Again, you aren't getting it.
In the first place, people will play what is fun or they will stop playing because they aren't Having fun. It's that simple.
This is my point, people will not enjoy a game they cannot feed their internet Ego, by being the "best" (normally at dps) or whatever job they do. So if they can do nifty things outside combat like scalling walls, yet cant do shit for damage, many people will be turned off playing those classes, forcing many more of Class X in the system imbalancing the game. A huge flaw in any game. This is why classes need balance, if not people always float over to the "best"
But what you really aren't getting is that having quests and things to do of the nature that I describe doesn't preclude the stuff that already exists. So inclusion doesn't break anything. It only adds content, and much needed content at that.
Again, you are not getting that so much content on release is already there. For them to add extra stuff that will be class based, some content must be removed. Otherwise the game gets too big on release and would take too much longer on working the content in, because of the nature of game-making time.
Which means all this "extra content" takes away from the overall content in size, so even though the game feels more unique, it has actually shrunk in return. Remedy of this is to fast release expansions. But that isn't wise for an untested game.
Why not just play a single player game if content will be pushed just for single people/classes?
And you are falling back into the "Every player needs to be able to do everything and go everywhere in equal measure." which breeds "Balance = same". Only it doesn't and doesn't need to.
That is only because the playbase will always drift over to what is best. They always have. The class representation numbers on WoW each 3 months shows it quite often.
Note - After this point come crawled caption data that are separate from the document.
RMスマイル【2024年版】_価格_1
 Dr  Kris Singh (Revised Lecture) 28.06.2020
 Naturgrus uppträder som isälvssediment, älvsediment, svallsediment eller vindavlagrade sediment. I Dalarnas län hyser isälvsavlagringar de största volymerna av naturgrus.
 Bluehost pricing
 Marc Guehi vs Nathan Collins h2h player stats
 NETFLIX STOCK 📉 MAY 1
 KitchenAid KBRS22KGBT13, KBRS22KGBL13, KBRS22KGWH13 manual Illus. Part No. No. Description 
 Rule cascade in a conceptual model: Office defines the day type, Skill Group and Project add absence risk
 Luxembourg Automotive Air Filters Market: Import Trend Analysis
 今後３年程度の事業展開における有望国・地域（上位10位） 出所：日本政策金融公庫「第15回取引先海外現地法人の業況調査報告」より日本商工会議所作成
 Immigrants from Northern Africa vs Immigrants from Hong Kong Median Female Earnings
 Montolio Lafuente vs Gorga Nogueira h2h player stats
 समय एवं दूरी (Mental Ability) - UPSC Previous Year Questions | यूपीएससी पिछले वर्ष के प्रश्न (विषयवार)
Most of early cataclysm Shaman healers sucked because of horrible balance, they practically dissappeared.
Plus if I was to kill this general in some fort, would I take the rogue who climbed a wall, opened a door for us and does blah for damage. Or take another Fighter/Warrior/Facesmasher, and take the "hard way in" killing enemies reaching the general and healing befofre combat to make the General fight easier with the better damage dealers? MMORPGS have all become about the battle. Not the puzzles. This isn't paper DnD or single player games in which puzzles were plenty and hard where class difference could shine. Even MMO DnD doesn't do puzzles. That just doesn't go over well with most players in the genre. (casuals)
And then there is also the DPS that you mention. This is seen as the holy grail of games of this nature. And 100% precludes games like Thief, which was massively fun and at least moderately successful. Tying to DPS for every character means tying to Combat ONLY. Give the players a choice. Give them a chance to excel and achieve in the same measure and degree without combat and they will. Give them other things to do besides JUST straight on Combat and DPS becomes less important. Stealth action is a genre into itself and so is a popular alternative. So I am sure would spell craft. And it doesn't need to be just the mainstays of RPGS today (Wizard, rogue, Fighter, Cleric). There are as many ideas and possibilities as there are character ideas. Stop trying to pigeon hole things to fit a mold.
but in the end, it does come down to the people who make these types of games. they are programmed to believe that everything needs to balance out to exactly the same. Every class at every level needs to have a common DPS. And so Innovation dies. Add to that the fact that they are playing to the lowest common denominator and innovation is truly dead. That is why TOR plays so much like WoW. That is why City of Heroes plays very similar. And all of the rest. Not because they HAVE to be that way, but because people equate balance with Same. They aren't.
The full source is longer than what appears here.